Talk given at Atheist Society on the 12th of May 2009 by Chris Gaffney

The title of this talk may raise certain expectations. In fact I will have little to say specifically about atheism because I think atheism can only be materialist in its philosophy and by arguing for dialectical materialism I will of necessity leave only atheism as a response to the question of God or no God.

From the time of the Greeks through to modern philosophy, which is but a continuation of the Greeks, a major question has been how is reality known?

The answer given divides into two principle viewpoints, the materialist and the idealist. These terms are not related at all to the popular meanings of the terms namely the person who values only material things we call materialist and the person who pursues loft ideas is an idealist. We speak only of philosophical methods here.

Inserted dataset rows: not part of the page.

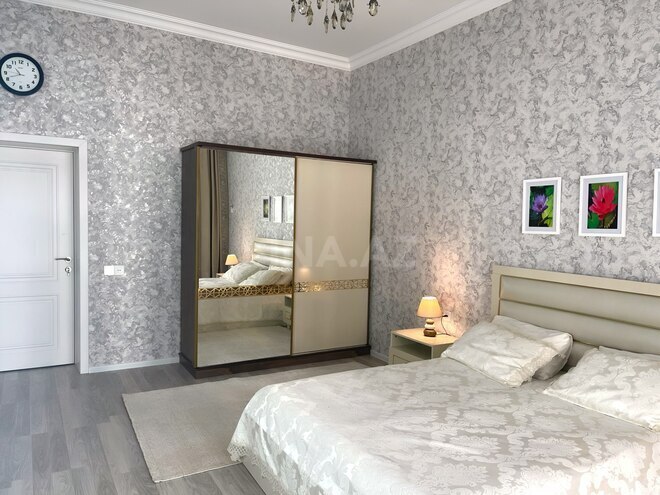 Satılır 2 otaqlı yeni tikili 77 m², Sahil m., photo 8 from 15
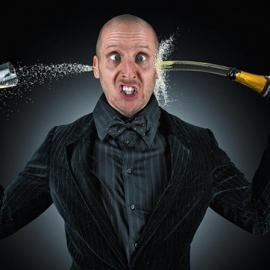 John Wilhelm创意设计欣赏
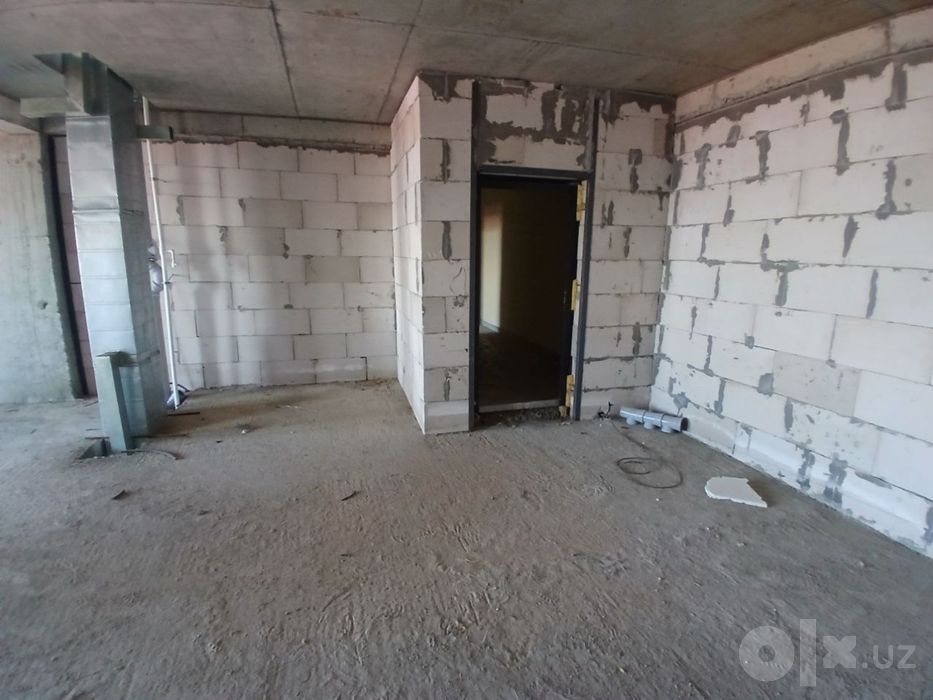Продается 2-х комнатная квартира в Новостройке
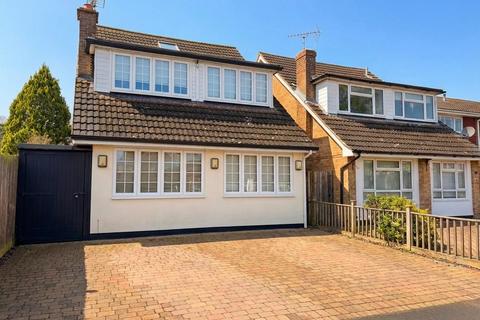 undefined, Viking Way, Pilgrims Hatch, Brentwood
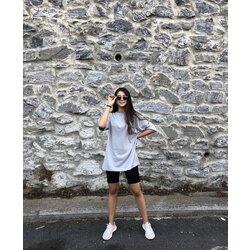 Buz Mavisi T-shirt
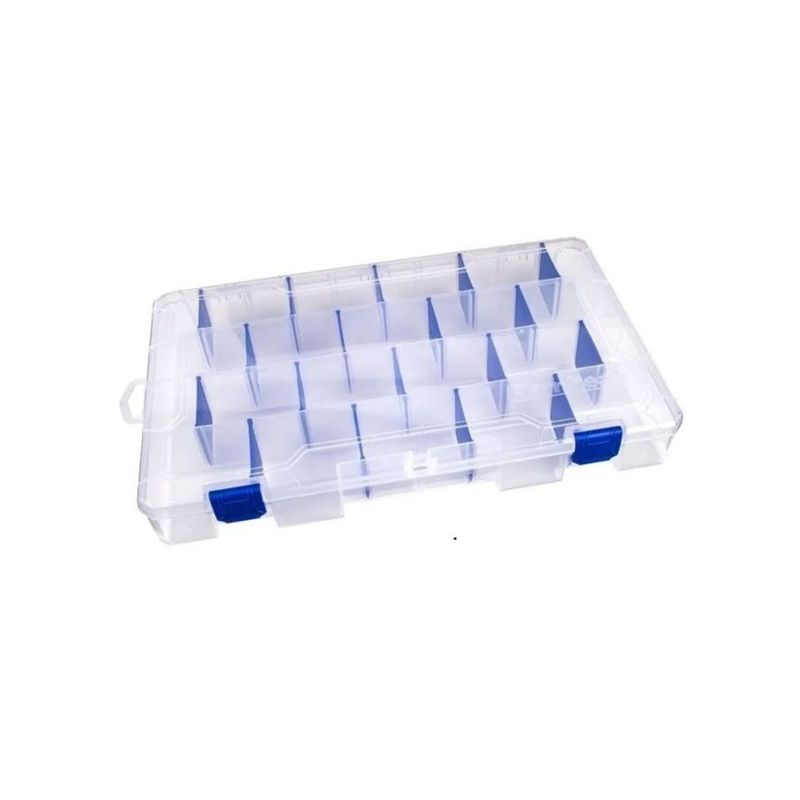 FLAMBEAU - Caja de Pesca Organizadora De Señuelos  flambeau 5007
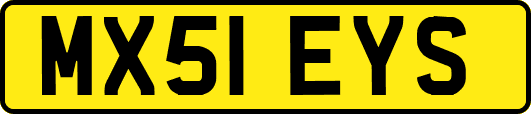 MX51EYS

The materialist method stands sat one end and the idealist view at the other. It makes a mockery of the person who says that they are Marxist or materialist and yet believe in God. That is, the two viewpoints are opposites

We can point out the distinctive features of both viewpoints
 

  1. The basic proposition of materialism refers to the nature of reality regardless of the existence of humanity. That is matter came first. When the earth was in its infancy, a flaming sphere in the heavens, before it began to cool, there was no life on its surface, no thinking creature of any kind. We had matter that was incapable of thought, out of which over several billion years developed a creature with a brain that could think.
  2. Science has demonstrated that the thinking mind does not appear until we already had matter organized to a certain level of complexity. The human brain is the part of the human being that thinks- that is thinking matter, organized in a highly intricate form
  3. It follows that matter can and did exist without mind, while the mind cannot exist without matter. Matter existed before the appearance of any kind of mind on the earth’s surface- that is before the appearance of thinking human beings
  4. In other words matter exits objectively independently of mind.
  5. Mind is a special kind of matter which develops out of the increasingly complex development of matter. It is only at this point that the idea of god makes an appearance, when it appears in the primitive thinking mind looking to make sense of a world over which they had no control or understanding


What are the distinctive features of idealism?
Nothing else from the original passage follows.